O secretário de Desenvolvimento e Assistência Social da Prefeitura, Ronaldo Assunção, dá outros exemplos de decisões contrárias aos interesses dos municípios: “Congonhas teve de rejeitar o Programa Criança Feliz, que foi implantado sem consulta aos municípios, porque ele retira recursos do CRAS, e não oferece o suficiente nem para pagar salários de dois técnicos que realizam as visitas às famílias. Além disso, processos importantes como as conferências Estadual e Nacional de Assistência Social foram convocadas pelos servidores do SUAS [Sistema Único de Assistência Social] e da sociedade civil, sendo que esta é uma atribuição dos dois governos, exatamente para expor esta realidade”.
Mas, a partir de agora, como explica Flávio Cunha, após 5 anos de uma fortíssima crise fiscal, economistas passam a entender que é preciso alcançar o equilíbrio fiscal e, a partir daí, aplicar dinheiro em saúde, educação e assistência social. “A grande preocupação que tenho é que, se apenas colocarmos mais dinheiro em uma rede que não está integrada e dialogando, poderá haver um impacto positivo, mas não aquele que almejamos.
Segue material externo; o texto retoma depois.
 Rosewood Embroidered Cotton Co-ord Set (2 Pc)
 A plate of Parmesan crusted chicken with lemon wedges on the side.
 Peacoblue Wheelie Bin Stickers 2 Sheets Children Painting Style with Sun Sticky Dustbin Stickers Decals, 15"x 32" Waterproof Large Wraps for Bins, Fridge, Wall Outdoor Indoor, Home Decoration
Então, uma das primeiras necessidades que temos é entender como integrar melhor o Criança Feliz, onde ele já existe, ao CRAS, mas sem que o primeiro sugue recursos destinados a outras atividades do segundo”.
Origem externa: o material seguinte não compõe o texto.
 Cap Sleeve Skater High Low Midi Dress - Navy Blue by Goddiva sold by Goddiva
Ao analisar os dados de dois anos seguidos no Censo, Flávio Cunha percebeu a inconstância do número de trabalhadores no CRAS. Portanto, ele pretende estudar quais ações de políticas públicas são necessárias para reter e capacitar uma força de trabalho que pode ter grande impacto na formação de capital humano das crianças em situações de vulnerabilidade.
Acesso aos benefícios
Por meio do Serviço de Proteção e Atendimento Integral à Família (PAIF), são realizados atendimentos familiares e, caso seja necessário, acontece um acompanhamento mais sistemático, determinado por uma equipe técnica, que considera quais vulnerabilidades a pessoa e o grupo familiar possuem, e estas dizem respeito à segurança alimentar, renda, número de membros na família, situações de risco social, como exposição a violência. Verificada a relação do indivíduo com seu território, conclui-se se a família precisa ser acompanhada pela equipe multidisciplinar do CRAS ou não. Laila Ferreira diz que, em caso positivo, acontecem então diversas ações, como encaminhamento para serviços de educação, saúde, da própria assistência social, para que essas pessoas passem a contar com benefícios, porque há famílias em situação de extrema pobreza que ainda não estão cadastradas no CadÚnico, portanto não têm acesso ao Bolsa Família.
A coordenadora do CRAS Alvorada afirma, no entanto, que “não há novas famílias inseridas no Bolsa Família desde abril de 2019, por decisão do Governo Federal. Pessoas que estão em condição de descumprimento de condicionalidades e conseguem superá-lo, encontram grande dificuldade para voltar a participar do programa. Isso vem impactando o programa municipal Cupom Cesta Cidadão, cujo atendimento agora acontece nos três CRAS de Congonhas [Alvorada, Região Dom Oscar e Pires]”.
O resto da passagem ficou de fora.